WHAT YOU HAVE TO DO:
Present the following entries again, word for word and in full.

STUDY MATERIAL:
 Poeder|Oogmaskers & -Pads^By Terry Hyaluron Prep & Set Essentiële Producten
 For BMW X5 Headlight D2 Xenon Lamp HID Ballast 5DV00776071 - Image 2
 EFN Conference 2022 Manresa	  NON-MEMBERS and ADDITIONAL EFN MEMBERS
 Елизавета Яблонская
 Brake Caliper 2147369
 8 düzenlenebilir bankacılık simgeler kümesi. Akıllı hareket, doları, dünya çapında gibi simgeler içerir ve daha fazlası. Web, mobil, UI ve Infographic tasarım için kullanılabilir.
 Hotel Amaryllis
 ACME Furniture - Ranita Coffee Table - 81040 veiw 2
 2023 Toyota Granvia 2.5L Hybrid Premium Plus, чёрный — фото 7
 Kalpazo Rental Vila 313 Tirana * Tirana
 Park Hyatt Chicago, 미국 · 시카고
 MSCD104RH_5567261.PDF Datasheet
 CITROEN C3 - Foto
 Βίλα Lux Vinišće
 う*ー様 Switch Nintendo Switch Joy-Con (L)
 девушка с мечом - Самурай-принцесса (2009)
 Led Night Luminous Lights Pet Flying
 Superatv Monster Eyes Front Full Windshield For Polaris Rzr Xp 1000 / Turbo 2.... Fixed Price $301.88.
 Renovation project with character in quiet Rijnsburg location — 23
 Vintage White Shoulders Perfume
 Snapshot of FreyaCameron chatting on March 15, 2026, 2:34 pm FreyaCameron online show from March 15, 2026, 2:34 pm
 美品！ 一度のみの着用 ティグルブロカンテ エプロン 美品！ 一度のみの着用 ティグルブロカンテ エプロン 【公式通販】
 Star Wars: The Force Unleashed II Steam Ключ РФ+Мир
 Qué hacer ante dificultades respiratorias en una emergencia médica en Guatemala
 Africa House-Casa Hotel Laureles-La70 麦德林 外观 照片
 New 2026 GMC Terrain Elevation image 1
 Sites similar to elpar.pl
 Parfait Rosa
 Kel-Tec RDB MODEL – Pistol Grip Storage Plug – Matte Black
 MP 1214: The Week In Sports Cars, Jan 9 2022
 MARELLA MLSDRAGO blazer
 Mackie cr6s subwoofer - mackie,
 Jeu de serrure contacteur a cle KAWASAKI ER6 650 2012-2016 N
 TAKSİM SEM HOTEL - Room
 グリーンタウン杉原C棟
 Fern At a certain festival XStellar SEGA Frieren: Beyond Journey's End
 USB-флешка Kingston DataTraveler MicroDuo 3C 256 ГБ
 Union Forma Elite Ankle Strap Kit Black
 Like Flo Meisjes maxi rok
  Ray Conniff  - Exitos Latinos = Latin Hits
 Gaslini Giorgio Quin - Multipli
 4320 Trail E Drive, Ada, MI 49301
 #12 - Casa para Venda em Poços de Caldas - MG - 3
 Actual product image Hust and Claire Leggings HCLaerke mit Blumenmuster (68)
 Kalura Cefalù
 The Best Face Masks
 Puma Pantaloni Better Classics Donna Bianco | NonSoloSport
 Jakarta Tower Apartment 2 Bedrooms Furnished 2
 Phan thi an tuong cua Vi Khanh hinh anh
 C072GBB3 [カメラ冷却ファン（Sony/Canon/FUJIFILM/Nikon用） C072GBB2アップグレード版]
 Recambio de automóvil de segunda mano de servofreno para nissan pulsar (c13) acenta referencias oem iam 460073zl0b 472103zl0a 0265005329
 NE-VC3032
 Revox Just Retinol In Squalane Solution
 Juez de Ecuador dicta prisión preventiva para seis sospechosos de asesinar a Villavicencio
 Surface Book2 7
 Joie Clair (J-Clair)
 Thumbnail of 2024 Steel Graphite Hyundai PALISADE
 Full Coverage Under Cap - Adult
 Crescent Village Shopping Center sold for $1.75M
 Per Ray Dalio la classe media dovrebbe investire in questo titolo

OUTPUT BELOW:
 Poeder|Oogmaskers & -Pads^By Terry Hyaluron Prep & Set Essentiële Producten
 For BMW X5 Headlight D2 Xenon Lamp HID Ballast 5DV00776071 - Image 2
 EFN Conference 2022 Manresa	  NON-MEMBERS and ADDITIONAL EFN MEMBERS
 Елизавета Яблонская
 Brake Caliper 2147369
 8 düzenlenebilir bankacılık simgeler kümesi. Akıllı hareket, doları, dünya çapında gibi simgeler içerir ve daha fazlası. Web, mobil, UI ve Infographic tasarım için kullanılabilir.
 Hotel Amaryllis
 ACME Furniture - Ranita Coffee Table - 81040 veiw 2
 2023 Toyota Granvia 2.5L Hybrid Premium Plus, чёрный — фото 7
 Kalpazo Rental Vila 313 Tirana * Tirana
 Park Hyatt Chicago, 미국 · 시카고
 MSCD104RH_5567261.PDF Datasheet
 CITROEN C3 - Foto
 Βίλα Lux Vinišće
 う*ー様 Switch Nintendo Switch Joy-Con (L)
 девушка с мечом - Самурай-принцесса (2009)
 Led Night Luminous Lights Pet Flying
 Superatv Monster Eyes Front Full Windshield For Polaris Rzr Xp 1000 / Turbo 2.... Fixed Price $301.88.
 Renovation project with character in quiet Rijnsburg location — 23
 Vintage White Shoulders Perfume
 Snapshot of FreyaCameron chatting on March 15, 2026, 2:34 pm FreyaCameron online show from March 15, 2026, 2:34 pm
 美品！ 一度のみの着用 ティグルブロカンテ エプロン 美品！ 一度のみの着用 ティグルブロカンテ エプロン 【公式通販】
 Star Wars: The Force Unleashed II Steam Ключ РФ+Мир
 Qué hacer ante dificultades respiratorias en una emergencia médica en Guatemala
 Africa House-Casa Hotel Laureles-La70 麦德林 外观 照片
 New 2026 GMC Terrain Elevation image 1
 Sites similar to elpar.pl
 Parfait Rosa
 Kel-Tec RDB MODEL – Pistol Grip Storage Plug – Matte Black
 MP 1214: The Week In Sports Cars, Jan 9 2022
 MARELLA MLSDRAGO blazer
 Mackie cr6s subwoofer - mackie,
 Jeu de serrure contacteur a cle KAWASAKI ER6 650 2012-2016 N
 TAKSİM SEM HOTEL - Room
 グリーンタウン杉原C棟
 Fern At a certain festival XStellar SEGA Frieren: Beyond Journey's End
 USB-флешка Kingston DataTraveler MicroDuo 3C 256 ГБ
 Union Forma Elite Ankle Strap Kit Black
 Like Flo Meisjes maxi rok
  Ray Conniff  - Exitos Latinos = Latin Hits
 Gaslini Giorgio Quin - Multipli
 4320 Trail E Drive, Ada, MI 49301
 #12 - Casa para Venda em Poços de Caldas - MG - 3
 Actual product image Hust and Claire Leggings HCLaerke mit Blumenmuster (68)
 Kalura Cefalù
 The Best Face Masks
 Puma Pantaloni Better Classics Donna Bianco | NonSoloSport
 Jakarta Tower Apartment 2 Bedrooms Furnished 2
 Phan thi an tuong cua Vi Khanh hinh anh
 C072GBB3 [カメラ冷却ファン（Sony/Canon/FUJIFILM/Nikon用） C072GBB2アップグレード版]
 Recambio de automóvil de segunda mano de servofreno para nissan pulsar (c13) acenta referencias oem iam 460073zl0b 472103zl0a 0265005329
 NE-VC3032
 Revox Just Retinol In Squalane Solution
 Juez de Ecuador dicta prisión preventiva para seis sospechosos de asesinar a Villavicencio
 Surface Book2 7
 Joie Clair (J-Clair)
 Thumbnail of 2024 Steel Graphite Hyundai PALISADE
 Full Coverage Under Cap - Adult
 Crescent Village Shopping Center sold for $1.75M
 Per Ray Dalio la classe media dovrebbe investire in questo titolo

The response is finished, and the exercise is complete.